Monitor long-running queries
It's important to check your database for queries taking an abnormally long time to run.
In postgres this is easy. The following command will update once per second and show you current queries, as well as how long they’ve been running.
`watch -n1 "psql -c \"select substring(query from 0 for 120) q, now() - query_start from pg_stat_activity where state='active' order by query_start limit 20\""`
Limit all the things
If you do find that queries are taking longer than they should, chances are that you forgot to put a limit somewhere.
Suppose that you know a user never has more than 100 items in their shopping cart. Nobody has ever bought more than 100 items.
Well, you’re going to find someone who’s put 100,000 items in their cart. And when you do, all of those items are going to be loaded into ram.
Limit all the strings
The same thing goes for string lengths. Sometimes you'll find abnormally long strings in your DB. You can truncate those right in sql.
`select substring(message from 0 for 140) from tweets;
`
Be careful with ActiveRecord
And with that in mind, it's clear that you should prefer Rails'
find_each
over all
. And that you should do as much processing as
possible in postgres.
Avoid using production systems
Here at Honeybadger, we have servers who’s only job in life is to mirror the production database, and be available if they happen to die.
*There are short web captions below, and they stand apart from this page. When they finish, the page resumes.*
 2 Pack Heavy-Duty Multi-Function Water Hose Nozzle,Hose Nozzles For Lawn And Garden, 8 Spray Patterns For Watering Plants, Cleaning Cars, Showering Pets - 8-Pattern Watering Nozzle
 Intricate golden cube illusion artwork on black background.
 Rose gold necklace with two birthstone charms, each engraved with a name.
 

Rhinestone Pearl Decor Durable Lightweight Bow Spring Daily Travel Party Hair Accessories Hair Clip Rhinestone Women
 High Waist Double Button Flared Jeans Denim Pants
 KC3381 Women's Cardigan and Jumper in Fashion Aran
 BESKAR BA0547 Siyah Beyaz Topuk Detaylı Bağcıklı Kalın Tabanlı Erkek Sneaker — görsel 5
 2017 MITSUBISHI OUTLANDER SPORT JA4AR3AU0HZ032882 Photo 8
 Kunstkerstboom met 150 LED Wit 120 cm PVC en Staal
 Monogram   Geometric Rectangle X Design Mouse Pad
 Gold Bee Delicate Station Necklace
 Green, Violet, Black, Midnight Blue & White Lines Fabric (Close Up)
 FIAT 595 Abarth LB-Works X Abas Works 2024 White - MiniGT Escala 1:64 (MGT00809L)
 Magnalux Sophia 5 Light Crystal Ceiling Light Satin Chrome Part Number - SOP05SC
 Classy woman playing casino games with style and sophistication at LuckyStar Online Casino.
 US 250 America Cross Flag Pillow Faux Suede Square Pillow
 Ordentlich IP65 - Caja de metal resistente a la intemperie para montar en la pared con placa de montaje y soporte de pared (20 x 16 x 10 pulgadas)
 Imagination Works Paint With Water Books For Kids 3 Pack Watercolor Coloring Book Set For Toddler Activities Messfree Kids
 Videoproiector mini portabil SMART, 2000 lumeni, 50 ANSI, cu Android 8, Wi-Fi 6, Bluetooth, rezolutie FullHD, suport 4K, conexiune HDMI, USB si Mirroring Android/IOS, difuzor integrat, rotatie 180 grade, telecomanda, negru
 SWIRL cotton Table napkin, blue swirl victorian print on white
These replicants are darn handy if you happen to be doing a read-intensive migration. In our elastic search switch, we had to run some queries that took 30 minutes to complete. By running them against the replicant we were able to avoid slowing down production.
Doing this is pretty simple. Just create a new environment, and point it at your replicant in the database.yml file
`migration:
adapter: postgresql
database: replicant_hostname
username: ...
password: ...
`
Hot swap systems
You can take this one step further if you like. Just do the migration completely on the replicant then cut over to it. The replicant becomes the new master and the master becomes the new replicant.
And paranoia
Of course there’s no reason that your changes on server A should affect server Z, but it never hurts to keep an eye on server Z. Surprising things can happen when you network computers together.